----- Records for the exercise

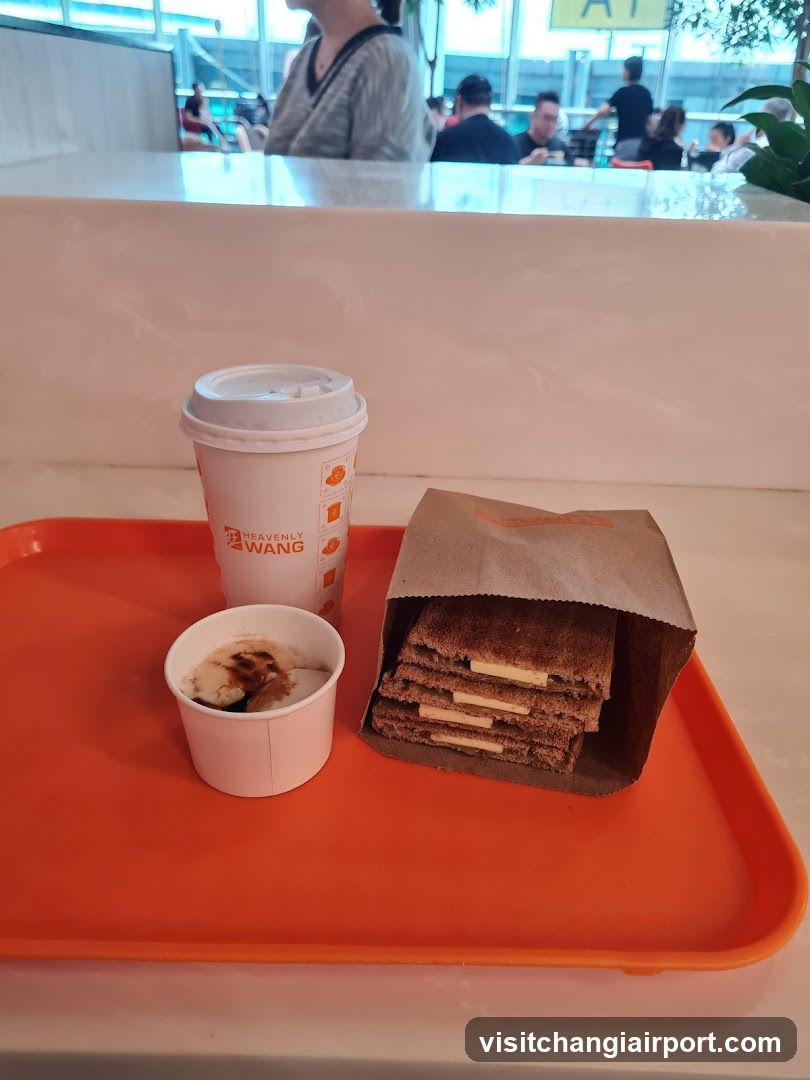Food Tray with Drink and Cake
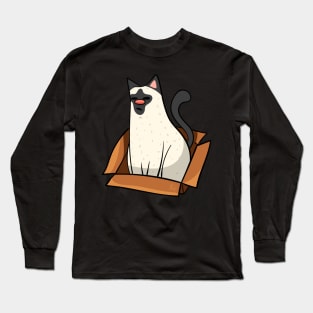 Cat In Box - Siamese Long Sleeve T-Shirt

----------
----- Records for the exercise

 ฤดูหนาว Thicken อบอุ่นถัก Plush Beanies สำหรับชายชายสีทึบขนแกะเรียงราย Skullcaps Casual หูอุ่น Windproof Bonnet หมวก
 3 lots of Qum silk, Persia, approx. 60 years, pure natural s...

----------

**What this task involves**. Going back to the data above, write out everything from the line with "Food Tray with Drink and Cake" down to the line with "Cat In Box - Siamese Long Sleeve T-Shirt", both included, leaving every picture out.

**Written answer**.
Food Tray with Drink and Cake
 Cat In Box - Siamese Long Sleeve T-Shirt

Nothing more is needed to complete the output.